Are Paralinguistic Representations all that is needed for Speech Emotion Recognition?
This work addresses the gap in assessing paralinguistic representations for speech emotion recognition in non-English languages, though it is incremental as it focuses on benchmarking existing models.
The paper tackled the problem of evaluating paralinguistic pre-trained model representations for speech emotion recognition across multiple languages, finding that TRILLsson representations performed best by effectively capturing pitch and tone.

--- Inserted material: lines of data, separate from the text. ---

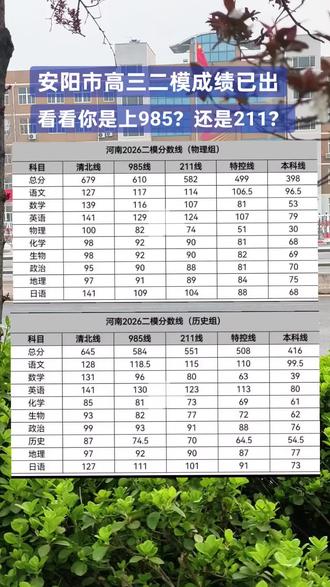 #高考 #高三二模 分数只是参考,问题才是关键❗
查漏补缺,精准提升📈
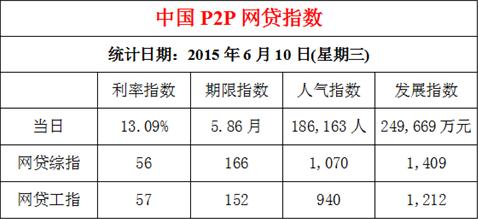 加拿总人口数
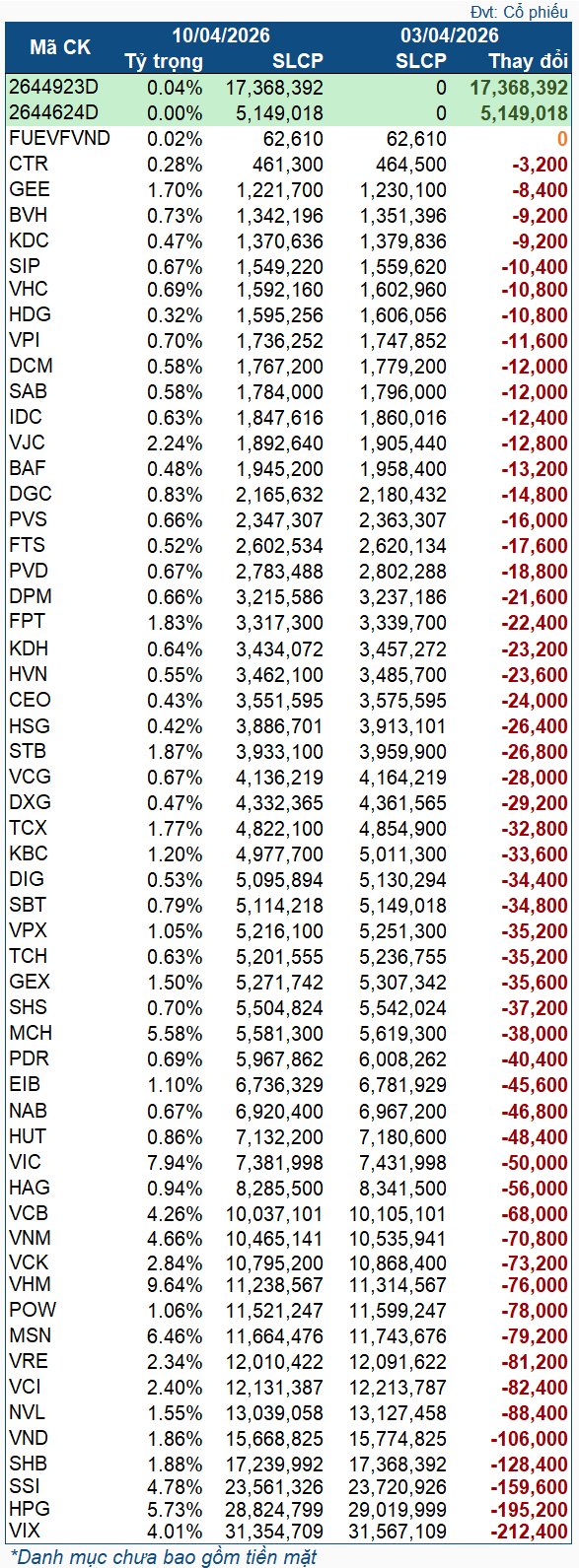 vnm-etf-2026-04-0310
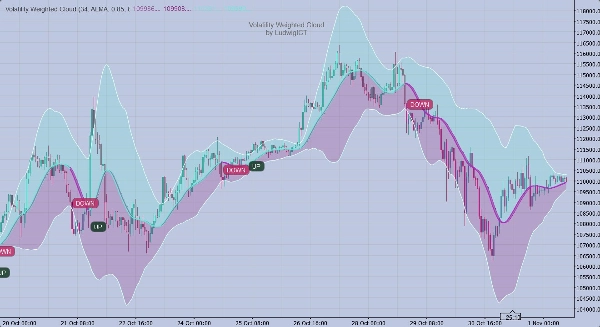 Imej yang dimuat naik "Volatility Weighted Cloud by LudwigICT"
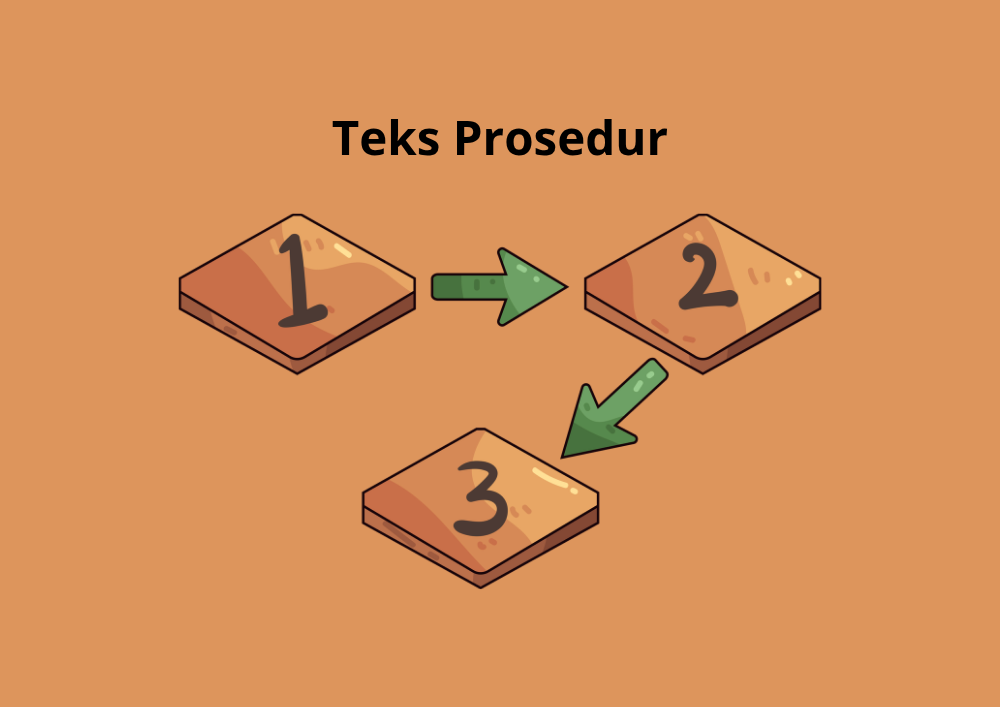 Mengenal Struktur Teks Prosedur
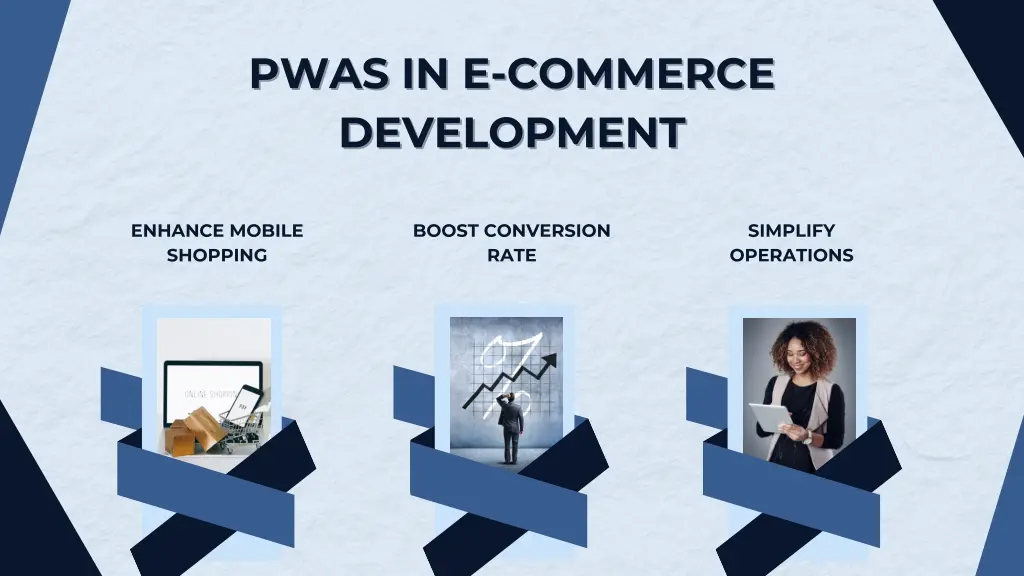 pwas in e commerce pwas in e commerce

Availability of representations from pre-trained models (PTMs) have facilitated substantial progress in speech emotion recognition (SER). Particularly, representations from PTM trained for paralinguistic speech processing have shown state-of-the-art (SOTA) performance for SER. However, such paralinguistic PTM representations haven't been evaluated for SER in linguistic environments other than English. Also, paralinguistic PTM representations haven't been investigated in benchmarks such as SUPERB, EMO-SUPERB, ML-SUPERB for SER. This makes it difficult to access the efficacy of paralinguistic PTM representations for SER in multiple languages. To fill this gap, we perform a comprehensive comparative study of five SOTA PTM representations. Our results shows that paralinguistic PTM (TRILLsson) representations performs the best and this performance can be attributed to its effectiveness in capturing pitch, tone and other speech characteristics more effectively than other PTM representations.